Yeah, well to explain it to you, about the simplest way would be that we took off time from the school, from the Hebrew school to go to regular school. You went to school all day long starting as early as six o'clock in the morning. Six o'clock in the morning you were already in school and they would teach you Chumash, and Rashi as you progressed and in the afternoon then you went to regular school and from school you may of went home, maybe ate lunch and then two o'clock, three o'clock, you went back to Cheder and you studied as late 'til eight or nine o'clock at night. Eight o'clock. I mean that was their aim in life. Their aim in life in that region was simply to give an education to the children.

It sounds like you were in school almost to become a rabbi?

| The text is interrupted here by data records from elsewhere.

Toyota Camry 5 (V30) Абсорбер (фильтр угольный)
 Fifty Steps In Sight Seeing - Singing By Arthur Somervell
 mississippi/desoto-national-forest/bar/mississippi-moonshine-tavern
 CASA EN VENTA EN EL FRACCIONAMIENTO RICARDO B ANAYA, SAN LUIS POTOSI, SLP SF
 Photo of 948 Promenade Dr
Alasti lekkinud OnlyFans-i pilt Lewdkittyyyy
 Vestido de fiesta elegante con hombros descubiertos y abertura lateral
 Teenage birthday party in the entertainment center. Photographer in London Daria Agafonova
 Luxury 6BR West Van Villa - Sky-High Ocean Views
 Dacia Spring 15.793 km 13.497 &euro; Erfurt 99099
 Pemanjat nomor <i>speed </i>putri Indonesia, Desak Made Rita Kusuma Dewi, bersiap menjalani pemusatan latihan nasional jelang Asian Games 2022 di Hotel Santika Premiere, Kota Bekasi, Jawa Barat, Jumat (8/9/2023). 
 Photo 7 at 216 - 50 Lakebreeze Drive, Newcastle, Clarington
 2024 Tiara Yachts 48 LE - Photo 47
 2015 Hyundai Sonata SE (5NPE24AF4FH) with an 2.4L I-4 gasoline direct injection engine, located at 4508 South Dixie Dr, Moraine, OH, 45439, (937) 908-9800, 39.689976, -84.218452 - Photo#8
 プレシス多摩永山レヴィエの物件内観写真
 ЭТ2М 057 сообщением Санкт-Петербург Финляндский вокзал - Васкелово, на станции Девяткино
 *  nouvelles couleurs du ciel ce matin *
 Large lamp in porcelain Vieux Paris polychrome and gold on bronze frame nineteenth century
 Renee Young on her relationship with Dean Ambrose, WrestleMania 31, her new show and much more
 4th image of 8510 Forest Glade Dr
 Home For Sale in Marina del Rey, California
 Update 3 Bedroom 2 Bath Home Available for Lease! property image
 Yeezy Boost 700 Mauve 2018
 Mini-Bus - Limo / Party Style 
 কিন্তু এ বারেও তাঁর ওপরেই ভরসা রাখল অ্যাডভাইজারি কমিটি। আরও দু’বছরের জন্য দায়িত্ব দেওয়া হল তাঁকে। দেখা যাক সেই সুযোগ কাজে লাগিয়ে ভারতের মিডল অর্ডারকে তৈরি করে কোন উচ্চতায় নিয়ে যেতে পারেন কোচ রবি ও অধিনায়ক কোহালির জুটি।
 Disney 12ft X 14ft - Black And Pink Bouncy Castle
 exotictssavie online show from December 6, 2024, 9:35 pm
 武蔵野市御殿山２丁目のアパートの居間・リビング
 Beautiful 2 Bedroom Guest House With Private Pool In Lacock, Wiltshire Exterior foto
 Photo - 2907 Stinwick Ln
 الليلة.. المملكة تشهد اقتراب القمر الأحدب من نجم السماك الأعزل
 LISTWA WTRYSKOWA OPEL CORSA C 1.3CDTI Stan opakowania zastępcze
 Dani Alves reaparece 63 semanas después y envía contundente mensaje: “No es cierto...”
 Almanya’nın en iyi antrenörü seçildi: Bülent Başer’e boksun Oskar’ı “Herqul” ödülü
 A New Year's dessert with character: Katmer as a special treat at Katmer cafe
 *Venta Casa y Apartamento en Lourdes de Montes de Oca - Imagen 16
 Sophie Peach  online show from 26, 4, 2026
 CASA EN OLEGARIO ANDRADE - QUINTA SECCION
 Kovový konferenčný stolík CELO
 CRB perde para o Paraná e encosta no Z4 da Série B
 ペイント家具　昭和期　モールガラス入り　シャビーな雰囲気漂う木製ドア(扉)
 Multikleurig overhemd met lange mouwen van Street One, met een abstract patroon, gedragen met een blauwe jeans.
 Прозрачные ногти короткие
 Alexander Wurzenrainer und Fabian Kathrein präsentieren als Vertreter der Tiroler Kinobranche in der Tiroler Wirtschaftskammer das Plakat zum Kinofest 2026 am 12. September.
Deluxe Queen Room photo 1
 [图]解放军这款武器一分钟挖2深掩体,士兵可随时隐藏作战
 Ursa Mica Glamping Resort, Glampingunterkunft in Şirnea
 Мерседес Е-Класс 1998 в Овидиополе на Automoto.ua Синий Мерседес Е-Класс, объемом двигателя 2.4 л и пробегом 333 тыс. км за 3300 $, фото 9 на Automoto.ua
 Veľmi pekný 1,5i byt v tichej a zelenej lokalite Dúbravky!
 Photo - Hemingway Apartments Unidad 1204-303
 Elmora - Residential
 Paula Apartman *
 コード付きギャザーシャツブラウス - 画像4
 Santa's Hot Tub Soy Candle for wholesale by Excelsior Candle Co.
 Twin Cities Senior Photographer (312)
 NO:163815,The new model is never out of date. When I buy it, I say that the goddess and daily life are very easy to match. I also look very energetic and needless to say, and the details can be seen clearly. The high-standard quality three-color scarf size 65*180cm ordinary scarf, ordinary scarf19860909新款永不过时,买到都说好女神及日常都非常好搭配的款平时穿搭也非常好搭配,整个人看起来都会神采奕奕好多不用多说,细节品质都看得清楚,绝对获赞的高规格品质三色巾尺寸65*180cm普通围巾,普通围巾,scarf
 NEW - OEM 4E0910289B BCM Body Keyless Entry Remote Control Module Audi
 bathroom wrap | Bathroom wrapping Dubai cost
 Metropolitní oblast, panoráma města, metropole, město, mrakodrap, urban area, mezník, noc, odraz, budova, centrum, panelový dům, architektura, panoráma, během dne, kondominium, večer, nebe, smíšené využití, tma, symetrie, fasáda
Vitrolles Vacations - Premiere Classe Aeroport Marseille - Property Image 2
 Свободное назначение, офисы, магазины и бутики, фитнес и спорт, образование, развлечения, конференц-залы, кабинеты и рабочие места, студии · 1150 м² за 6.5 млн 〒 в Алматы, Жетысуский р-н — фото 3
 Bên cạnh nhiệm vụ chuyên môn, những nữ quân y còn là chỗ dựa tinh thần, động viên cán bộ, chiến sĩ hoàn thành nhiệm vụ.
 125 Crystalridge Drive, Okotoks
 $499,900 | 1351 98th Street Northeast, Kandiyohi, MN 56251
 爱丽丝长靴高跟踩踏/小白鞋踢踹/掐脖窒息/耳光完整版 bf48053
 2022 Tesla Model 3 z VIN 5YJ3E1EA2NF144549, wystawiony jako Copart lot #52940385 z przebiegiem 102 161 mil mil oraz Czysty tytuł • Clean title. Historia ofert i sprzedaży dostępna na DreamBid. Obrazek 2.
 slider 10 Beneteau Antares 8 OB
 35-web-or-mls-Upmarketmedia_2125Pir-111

That is true. I mean you were in school actually all week long. The only time when school ended was Friday afternoon, Friday around two o'clock to prepare for the Sabbath and Friday night we went to the synagogue. Everybody, my father would take me, you know, by the hand, I would sit next to him, I was the oldest. And my brothers, my two brothers, we all went to this so my mother was at home preparing getting ready for the Sabbath meal. And you'd come back from the synagogue, everything was sparkled and clean and you had this Sabbath meal. If you starved through the week what for the Sabbath, you had a little meat and a little fish and we sang songs and praised God and Saturday morning again we'd go to the synagogue and have the meal and maybe the parents would take a little nap after the meal and like myself I went back to school and we would study on the Saturday in the summer time we studied Pirkey Avot, chapter of our fathers or Ethics of our Fathers, the Trabus [Talmud], or we would go the rabbi he would examine us like a test if we studied for the week. And that was our life and so laid back and Sunday all day in school again, Hebrew school. They might give you off ten or fifteen minutes to play in the yard but I was in school seven days a week.